> **Exercise objective**: Every line of the entries that holds the word "High" is to be copied.

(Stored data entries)
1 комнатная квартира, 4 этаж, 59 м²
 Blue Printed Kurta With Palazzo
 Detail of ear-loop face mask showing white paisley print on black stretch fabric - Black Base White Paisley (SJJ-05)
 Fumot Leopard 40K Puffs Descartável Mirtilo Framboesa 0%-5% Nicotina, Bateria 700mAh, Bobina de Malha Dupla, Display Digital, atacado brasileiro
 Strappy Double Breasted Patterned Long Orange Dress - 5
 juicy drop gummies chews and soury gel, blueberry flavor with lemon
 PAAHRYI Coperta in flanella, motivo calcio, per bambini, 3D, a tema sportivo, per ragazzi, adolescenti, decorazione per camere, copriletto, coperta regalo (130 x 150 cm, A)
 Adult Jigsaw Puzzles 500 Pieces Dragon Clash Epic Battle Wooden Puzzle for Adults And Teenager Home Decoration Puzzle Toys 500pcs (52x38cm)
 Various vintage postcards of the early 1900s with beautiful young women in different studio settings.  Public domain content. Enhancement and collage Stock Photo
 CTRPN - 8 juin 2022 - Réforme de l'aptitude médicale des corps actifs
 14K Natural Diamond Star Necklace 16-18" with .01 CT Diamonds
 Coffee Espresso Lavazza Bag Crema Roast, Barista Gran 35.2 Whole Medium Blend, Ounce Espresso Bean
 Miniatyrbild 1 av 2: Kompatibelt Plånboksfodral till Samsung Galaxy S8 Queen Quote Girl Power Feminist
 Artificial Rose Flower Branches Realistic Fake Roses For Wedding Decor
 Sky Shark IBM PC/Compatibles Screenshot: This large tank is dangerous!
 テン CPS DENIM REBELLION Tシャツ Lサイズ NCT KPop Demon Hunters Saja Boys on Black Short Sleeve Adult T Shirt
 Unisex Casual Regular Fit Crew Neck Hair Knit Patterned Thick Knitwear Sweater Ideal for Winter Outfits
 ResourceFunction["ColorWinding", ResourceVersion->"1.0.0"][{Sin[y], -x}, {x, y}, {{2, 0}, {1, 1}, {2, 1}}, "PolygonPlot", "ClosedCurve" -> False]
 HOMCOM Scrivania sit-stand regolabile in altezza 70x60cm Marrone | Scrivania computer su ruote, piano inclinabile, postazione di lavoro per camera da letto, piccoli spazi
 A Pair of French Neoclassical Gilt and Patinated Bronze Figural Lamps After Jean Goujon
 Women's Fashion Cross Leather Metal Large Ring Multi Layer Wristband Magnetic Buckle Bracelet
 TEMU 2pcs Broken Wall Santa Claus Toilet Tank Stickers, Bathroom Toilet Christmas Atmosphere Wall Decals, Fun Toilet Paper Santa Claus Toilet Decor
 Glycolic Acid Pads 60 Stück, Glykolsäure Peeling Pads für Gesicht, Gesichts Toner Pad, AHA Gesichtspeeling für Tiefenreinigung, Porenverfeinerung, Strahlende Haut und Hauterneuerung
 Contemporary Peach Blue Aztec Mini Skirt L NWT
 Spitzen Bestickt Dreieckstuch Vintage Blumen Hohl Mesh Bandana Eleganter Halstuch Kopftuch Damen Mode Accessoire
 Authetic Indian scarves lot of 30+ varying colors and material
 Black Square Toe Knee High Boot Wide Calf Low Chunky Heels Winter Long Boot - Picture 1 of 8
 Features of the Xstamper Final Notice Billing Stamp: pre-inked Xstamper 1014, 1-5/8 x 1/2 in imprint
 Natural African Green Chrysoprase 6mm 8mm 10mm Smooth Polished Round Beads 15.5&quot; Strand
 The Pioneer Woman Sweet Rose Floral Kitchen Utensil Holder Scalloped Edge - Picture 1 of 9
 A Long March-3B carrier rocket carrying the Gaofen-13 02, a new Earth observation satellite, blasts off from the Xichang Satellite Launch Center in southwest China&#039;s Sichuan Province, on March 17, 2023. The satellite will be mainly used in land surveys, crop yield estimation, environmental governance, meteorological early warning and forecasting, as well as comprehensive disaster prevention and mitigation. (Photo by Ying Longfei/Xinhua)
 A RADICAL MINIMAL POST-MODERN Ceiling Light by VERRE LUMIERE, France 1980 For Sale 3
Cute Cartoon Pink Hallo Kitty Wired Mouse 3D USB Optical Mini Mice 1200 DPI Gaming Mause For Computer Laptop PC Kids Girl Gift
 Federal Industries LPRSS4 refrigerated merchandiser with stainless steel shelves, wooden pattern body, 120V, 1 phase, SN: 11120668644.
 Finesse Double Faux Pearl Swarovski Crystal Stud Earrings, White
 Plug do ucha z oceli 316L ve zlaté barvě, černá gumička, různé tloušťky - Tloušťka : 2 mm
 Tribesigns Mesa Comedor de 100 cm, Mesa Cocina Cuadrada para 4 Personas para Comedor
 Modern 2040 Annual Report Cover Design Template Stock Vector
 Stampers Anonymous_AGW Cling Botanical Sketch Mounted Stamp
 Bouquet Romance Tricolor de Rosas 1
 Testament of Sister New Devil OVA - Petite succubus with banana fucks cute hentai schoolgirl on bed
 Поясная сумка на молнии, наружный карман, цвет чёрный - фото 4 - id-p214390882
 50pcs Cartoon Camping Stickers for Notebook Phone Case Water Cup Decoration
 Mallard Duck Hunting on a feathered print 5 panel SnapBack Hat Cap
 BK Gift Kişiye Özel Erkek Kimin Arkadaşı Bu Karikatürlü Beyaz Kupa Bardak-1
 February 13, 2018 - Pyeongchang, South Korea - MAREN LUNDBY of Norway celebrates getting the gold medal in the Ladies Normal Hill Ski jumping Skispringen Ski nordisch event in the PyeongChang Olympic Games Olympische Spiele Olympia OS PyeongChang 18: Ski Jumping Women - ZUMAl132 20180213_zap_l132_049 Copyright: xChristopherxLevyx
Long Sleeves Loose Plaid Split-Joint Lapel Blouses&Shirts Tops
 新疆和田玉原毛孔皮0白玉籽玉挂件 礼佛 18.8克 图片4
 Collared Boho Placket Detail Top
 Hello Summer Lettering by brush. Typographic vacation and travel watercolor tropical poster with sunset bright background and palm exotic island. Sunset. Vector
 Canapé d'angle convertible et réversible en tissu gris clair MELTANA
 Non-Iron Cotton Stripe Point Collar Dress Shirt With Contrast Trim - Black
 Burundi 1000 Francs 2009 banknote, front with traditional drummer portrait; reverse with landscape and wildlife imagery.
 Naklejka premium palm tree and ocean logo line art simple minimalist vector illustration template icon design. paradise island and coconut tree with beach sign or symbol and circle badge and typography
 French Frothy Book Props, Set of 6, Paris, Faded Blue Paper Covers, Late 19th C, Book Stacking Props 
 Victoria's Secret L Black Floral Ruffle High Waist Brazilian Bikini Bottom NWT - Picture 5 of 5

> **Task output**:
 Black Square Toe Knee High Boot Wide Calf Low Chunky Heels Winter Long Boot - Picture 1 of 8
 Victoria's Secret L Black Floral Ruffle High Waist Brazilian Bikini Bottom NWT - Picture 5 of 5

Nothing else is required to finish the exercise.